Приказав французу взять бутылку, Джейми рывком поднял меня, усаживая себе на колени, и обездвижил мои руки – левую прижал к телу, правую же поднял раной вверх.

Я могу ошибаться, но у Эрнеста Хемингуэя есть фраза: «Предполагается, что от боли вы лишитесь чувств, но, к сожалению, этого никогда не происходит». Старик Хэм никогда не чувствовал, как спирт попадает на открытые раны, либо я чего-то не понимаю.

Но как я ни рада была потерять сознание, этого не произошло, а если и произошло, то потеря была кратковременной, потому что вскоре послышался голос Фергюса, увещевавший меня:

– Миледи, пожалуйста, кричите не так страшно: люди пугаются.

Добрый мальчик! Он пытался ободрить меня шуткой, а сам дрожал как осиновый лист. Моряки же время от времени заглядывали в окна или даже приоткрывали дверь; на их лицах читались страх и жалость.

Мне многого стоило кивнуть им, но необходимо было как-то поблагодарить этих людей. Джейми держал меня – или держался за меня? я не могла сказать наверняка – и тоже дрожал.
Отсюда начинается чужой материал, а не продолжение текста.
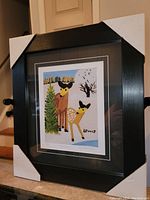 Photo of the professionally framed artwork showing two deer, with corner protectors on the frame.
Мужчины довели меня до низкого капитанского кресла. Джейми взял кривую иглу и кетгут. Его лицо было мрачным. Мою руку жгло словно в огне.

Мистер Уиллоби, о существовании которого я уже успела забыть, подскочил и сказал Джейми, забирая иглу:

– Моя шить, моя все сделать. Ваша нет, ваша потом.

Вместе с иглой он исчез куда-то. Судя по всему, он хотел «помогать» мне, как и обещал.

Джейми не перечил. Каюту огласил наш общий вздох облегчения, изданный нашими с Джейми легкими. «Очень хотелось бы, чтобы мы смогли вздохнуть вот так, когда все кончится», – подумалось мне.

– Представь, я сказала дочери в качестве материнского назидания, чтобы она общалась исключительно с высокими мужчинами, а то все коротышки обычно делают гадости. – Я оттягивала время, заполняя его звуками своего голоса, боясь заполнить его криком.

– Считай, что мистер Уиллоби – исключение из правил, – отозвался Джейми, отирая мне лицо. – Англичаночка, я не желаю знать, что было в твоей голове, когда ты туда полезла, только не повторяй больше таких выходок.

– А что мне оставалось… – начала было я, но приход китайца помешал мне закончить фразу. Мистер Уиллоби принес свернутый в рулончик зеленый шелк, такой, какой приносил тогда, когда лечил Джейми от рвоты.

– Ой, ты принес те иголки? – радость узнавания мелькнула на лице Джейми. – Все будет хорошо, англичаночка, он тебя вылечит, уж я-то знаю. Это не так больно, как тебе кажется.

Я протянула, насколько смогла, раненую руку китайцу, а он осторожно щупал ладонь, надавливая, проводя подушечкой пальца, дергая, и в конце концов нажал на условную точку на запястье между лучевой и локтевой костью.

– Внутренние врата. Покой. Мир. Делать все спокойно и мило.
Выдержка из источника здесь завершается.